“The initiative itself tried to pull a bunch of levers to have a big impact on student performance,” said Brian Stecher, a RAND researcher and the lead author of the report. “The sites did in fact modify all of these levers, some more than others, but in the end, there were no big payoffs in terms of improved graduation [rates] or achievement of students in general, and low-income and minority students in particular.”
That was the conclusion of a study paid for by the Gates Foundation, into their own Teacher Evaluation/Merit Pay experiment or "The Intensive Partnerships for Effective Teaching initiative", which cost $575 million in total.
From this comes the following recommendations
- Reformers should not underestimate the resistance that could arise if changes to teacher-evaluation systems have major negative consequences for staff employment.
- A near-exclusive focus on TE might be insufficient to dramatically improve student outcomes. Many other factors might need to be addressed, ranging from early childhood education, to students' social and emotional competencies, to the school learning environment, to family support. Dramatic improvement in outcomes, particularly for LIM students, will likely require attention to many of these factors as well.
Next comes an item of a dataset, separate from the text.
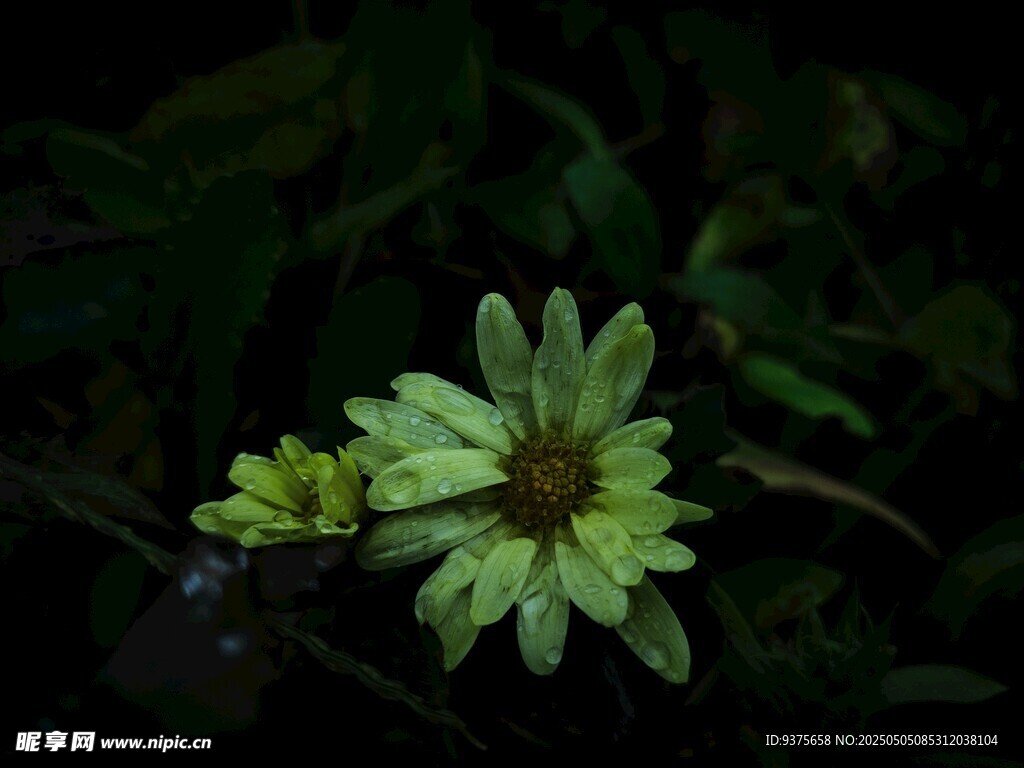 翠绿花朵绽放于枝叶间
One of the recommendations should have been to listen to teachers. Over and over again, teachers warned that high stakes evaluations ties to student achievement would not only fail to produce the hoped for results, but would have serious negative consequences on students (over-testing) and teacher.
Imagine if Gates would have spent his fortune on some of the items listed in the second bullet point, instead of listening to corporate education reformers and their desire to test and punish.